Way late review: Rise of the Planet of the Apes

Wait, I thought Tim Burton killed the Ape franchise with his 2001 rendition of the classic. He didn’t succeed. I’m thankful he didn’t because Rise of the Planet of the Apes is close to a perfect sci-fi action flick.

Rather than focus on the human protaganist, Rise takes a fresh approach by making the genetically enhanced, lab born ape, Caesar (Andy Serkis) the center of attention. Will Rodman (James Franco) is a genetic scientist desperately searching for a cure to Alzheimer’s disease. His search is personal, as Will’s dad, Charles (John Lithgow), suffers from the disease. Right away we learn that Will is on to something, as an ape known as “Green Eyes” shows greatly improved intelligence as a result of the proposed cure, ALZ-112. Things turn sour as Green Eyes goes crazy, wrecks havoc on the lab and is shot. The other apes are put down as the company fears ALZ-112 is deeply flawed. Unbeknownst to Will and his co-workers, Green Eyes flipped out trying to protect her newborn. Rather than put the chimp down, Will sneaks him home.

Will quickly learns that Caesar is not an ordinary chimp. Caesar shows signs of incredible intelligence. This leads Will to eventually give his dad ALZ-112 he smuggles from the company. Charles returns to his normal self while Caesar continues to exhibit extraordinary acumen. As years pass Caesar desires to get out of the house, to enjoy life like the children he observes from his attic window. Will takes Caesar to the Redwoods but Caesar soon realizes that he is treated more like a pet than a human. Will breaks down and shows Caesar the building where Caesar was born and his mom died. This moment ultimately leads to Caesar’s descent. He realizes he’s not human yet he’s not just an ape.

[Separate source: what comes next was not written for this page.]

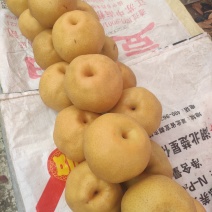 晚秋黄梨，黄河滩种植基地。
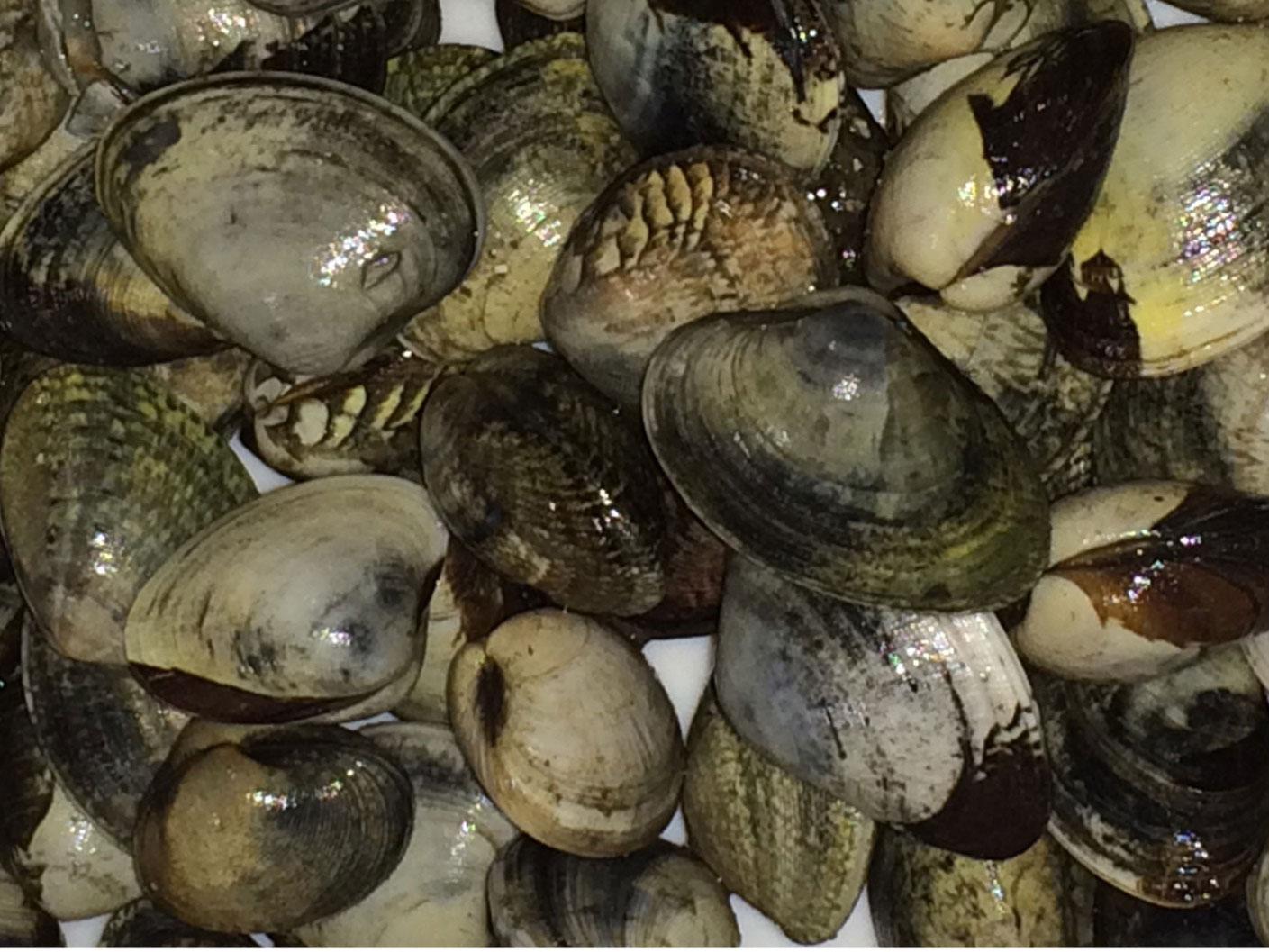 Golden carpet shell clams (Polititapes aureus) collected in the ria of Arousa in Galicia, Spain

Meanwhile, Will notices that his dad’s disease is back with a vengeance. It’s so bad that Charles goes outside one morning, hops in a neighbors running car, and proceeds to smash it into the cars parked in the front and back. The neighbor comes out and freaks out. He yells and gets in Charles’ face. Caesar observes this from the attic window and takes action. This is Caesar’s ticket to the ape sanctuary where Will promises Caesar he’ll be back home soon.

It’s at this point in the film that the ape sanctuary turns into a prison film. Caesar is the new kid on the block. He’s never been around other apes. He doesn’t completely understand apes who are not intelligent like he is. The lessons for him are rough. Caesar is homesick and more confused than ever. The fact that all of this is completely believable with computer animated apes is astonishing. After hearing and reading interviews with cast and production crew members, I’m convinced now more than ever that Andy Serkis should be nominated for a best actor award. His performance mixed with the technology take this movie to new heights.

The ape sanctuary has some of my favorite moments in the film and one of its worst. If Rise is guilty of anything it’s of some over the top archetypes. The most obvious example is Tom Felton playing one of the sanctuary workers. Felton’s performance is so absurd that by the time he utters a famous line from the original movie I simply rolled my eyes. It was completely expected, as Felton proved he was nothing more than the sinister prison guard.

The movie zooms past at an exhilarating speed. There is no time for exposition. The storytelling is precise. Every small moment has a purpose. For example, Caesar draws the attic window on the wall of his cell at the sanctuary only to erase it once he decides he’s going to lead an ape rebellion. Charles’ struggle to play a piano song prior to ALZ-112 and then gracefully playing a composition afterwards. The use of green eyes to show that an ape has been exposed to the cure. All these are small ways that tell the story rather than spend precious time better spent elsewhere.

While Caesar works overtime to put together his plans, Will works overtime to find a new cure for Alzheimer’s and convinces his boss that it’s time to reopen the project. The boss buys in once he learns that Will’s dad showed great improvements for a period of time and Caesar showed increased intelligence. The prospects of a drug that makes you smarter is too much to resist. Will’s boss wants research on apes to return and to go full throttle.

Eventually the big pay off happens. Some of the best action sequences I’ve seen in a long time take place. Awesome action set pieces. One brilliant call back to the original movie. So much good action in the end that we forget that we’re rooting for the end of mankind as we know it.

Rise of the Planet of the Apes may not get a lot of love on people’s top films of 2011 but it should. It’s one of those rare sci-fi action films that is so well paced and executed that you forget the challenge it overcame, following a long line of predecessors, many of which weren’t all that good and some that were simply awful.